You know the saying that travel broadens the mind? Well, in my case it may do, but it also raises the blood pressure, increases stress levels and shortens my life expectancy. Much of this is caused by staying in hotels, of course. The room I had in the hotel in Inverness last week was so narrow I touched all four walls every time I breathed in: lying in the bed was like being digested by a boa constrictor, or buried alive in a child’s coffin. Then the guy next door came in noisily at 1.30 in the morning, and got up and left noisily at 5.00; the walls were so thin I could hear his nose hairs rustling as he slept.
There’s this theory that the universe will expand to a certain point, then collapse back, there’s a big bang and everything repeats, again and again, eternally and for ever. There are many reasons why I don’t want this to be true, but mostly because it will mean endlessly reliving that night in Inverness, back and forth, until the end of time and space, an infinity of sleepless 5.00am’s.
I spent part of last week’s holiday with my parents at Reid Towers, our ancestral mansion in Northamptonshire overlooking the Grand Union Canal. South Northants really is a lovely county, a patchwork of fields draping the landscape like an embroidered quilt, charming villages of Cotswold stone, all ivy-covered pubs and cricket on the village green, and everywhere herds of solicitors and doctors, the only ones who can afford to live there, ravaging the crops like wild deer (time for another cull, you say? Pass me my twelve bore). But it still feels like home to me.
The town of Northampton itself, though, is sadly an urban wasteland of post-apocalyptic desolation, where hollow-eyed survivors stagger from the ruins after dark (not zombies, of course, for as everyone knows, zombies feed on brains, and the last one in Northampton starved to death 20 years ago).
Northampton made the schoolboy error of supporting Parliament in the Civil War, so when Charles II was restored to the throne he—rather petulantly, it’s always seemed to me—had the castle torn down, starting a tradition of destruction carried on by the Luftwaffe and subsequent town planners. Retracing my childhood in the town is now about as hard as working out how medieval people lived and already involves more archaeology than history (I know I’m getting old, but really: this is my childhood, people).

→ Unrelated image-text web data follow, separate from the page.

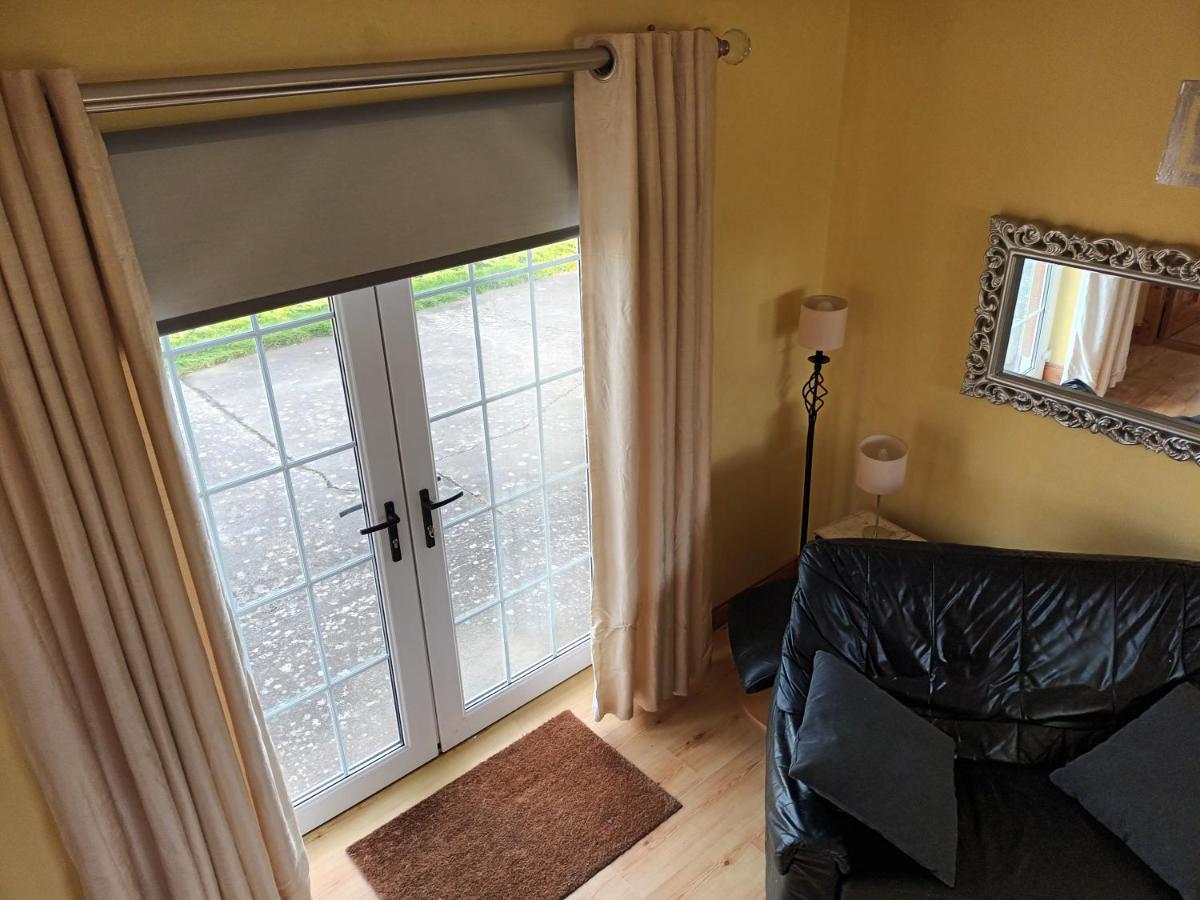 Villa Rathgillen Mews Nobber Esterno foto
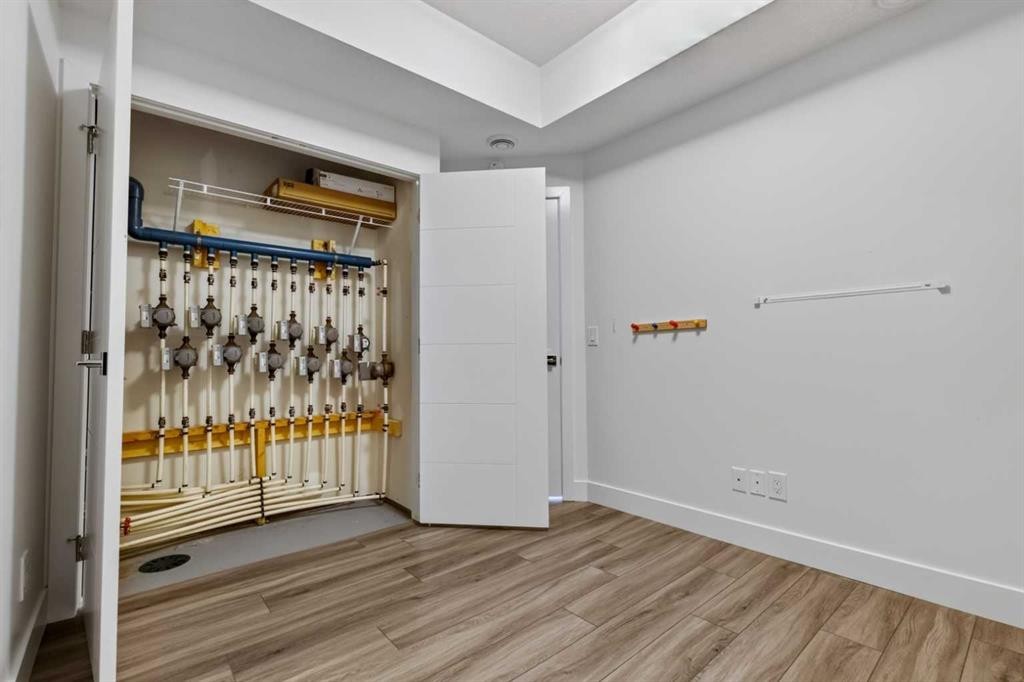 214 Seton Passage Se, Calgary, AB - Indoor Photo Showing Other Room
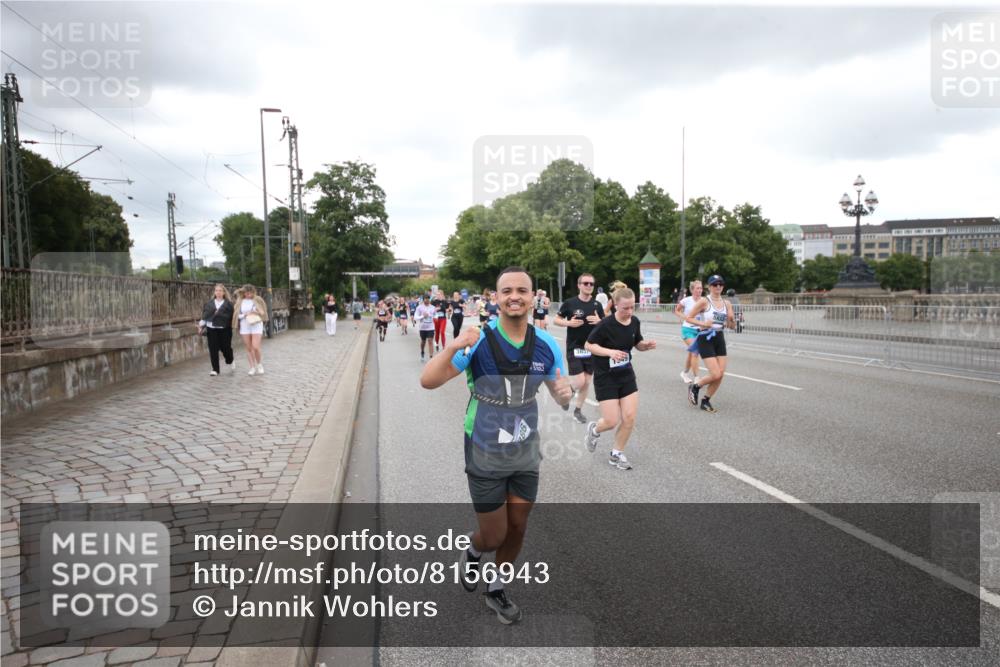 29.06.2025 - hella hamburg halbmarathon Jannik Wohlers http://msf.ph/oto/8156943 29.06.2025 10:54:04 Lombardsbrücke 1762, 1822, 1949, 2244, 2532, 2586, 3364, 3761, 3795, 3857, 4720, 4971, 5157, 5185, 5216, 5309, 5933, 5993, 6023, 6279, 7498, 7670, 7946, 7986, 8801, 8803, 9130, 11354, 11567, 11569, 12923, 12930, 13035, 13257, 13693, 13733, 14409, 14655, 15174, 15627, 15628, 15674, 15731, 16522, 16683, 17394 meine-sportfotos.de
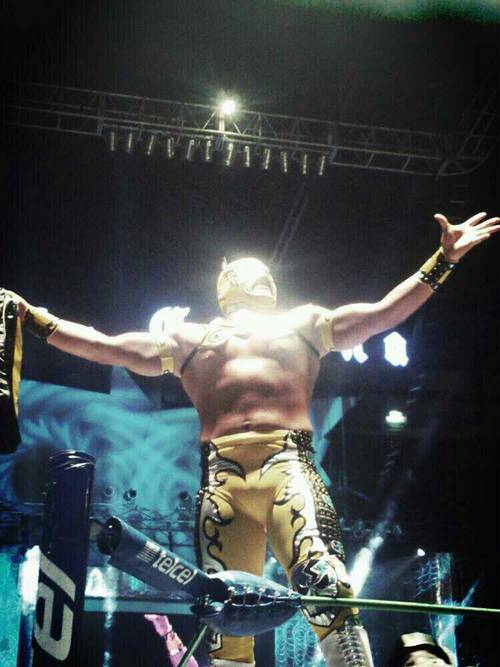 Se presenta el Gran Guerrero en el 30 aniversario de Atlantis / Arena México - 3 de mayo de 2013 / Photo by @Anicetagtz en Twitter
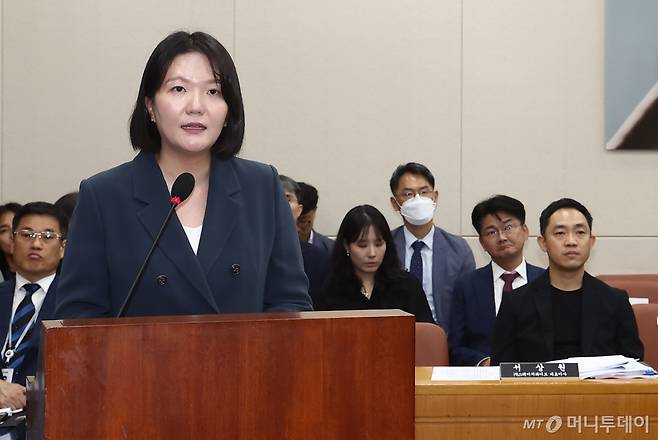 최수연 네이버 대표이사가 2일 오후 서울 여의도 국회에서 열린 과학기술정보방송통신위원회 6차 전체회의에서 의원 질의에 답변하고 있다.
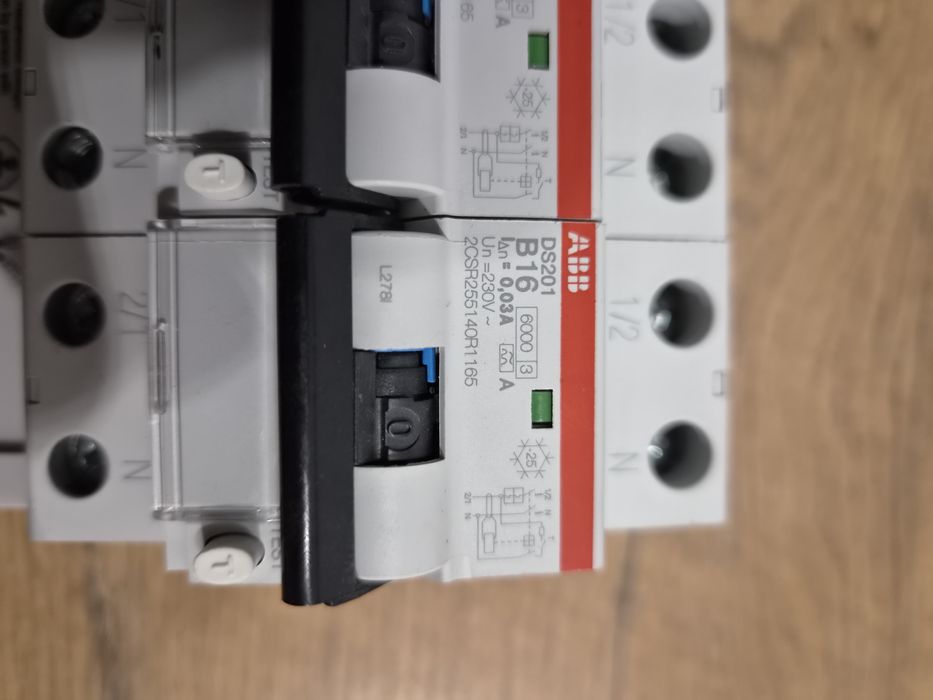 ABB Wyłącznik Różnicowo Prądowy B16 Bezpiecznik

I left my knitting behind, as I usually do on these trips, partly because I’m self-conscious, but mostly because it’s so big and unmanageable now it’s like holding a drunken sheep with a fever on your lap. And anyway, it was just too hot down south (at one point I even contemplated rolling up my shirtsleeves, but recollected in time that there were ladies present, and forbore). Still, I’ve managed another few inches since last time, and am still on track to finish the gansey by the end of the month.
My Victorian detective novel The Cuckoo’s Nest continues to sell well on Amazon, selling more in a month than some of my books ever have, so thank you to all who’ve downloaded it. I guess crime, as they say, really does pay.
Margaret comes back from serving her time in a Turkish prison, correction, “holiday”, next week, when normal service will be resumed—by which I mean the blog will have images that actually vaguely resemble their subjects. Meanwhile I’m off to catch up on my sleep, now my travels are done: I think, all things considered, I’ll keep my mind safely narrow in future.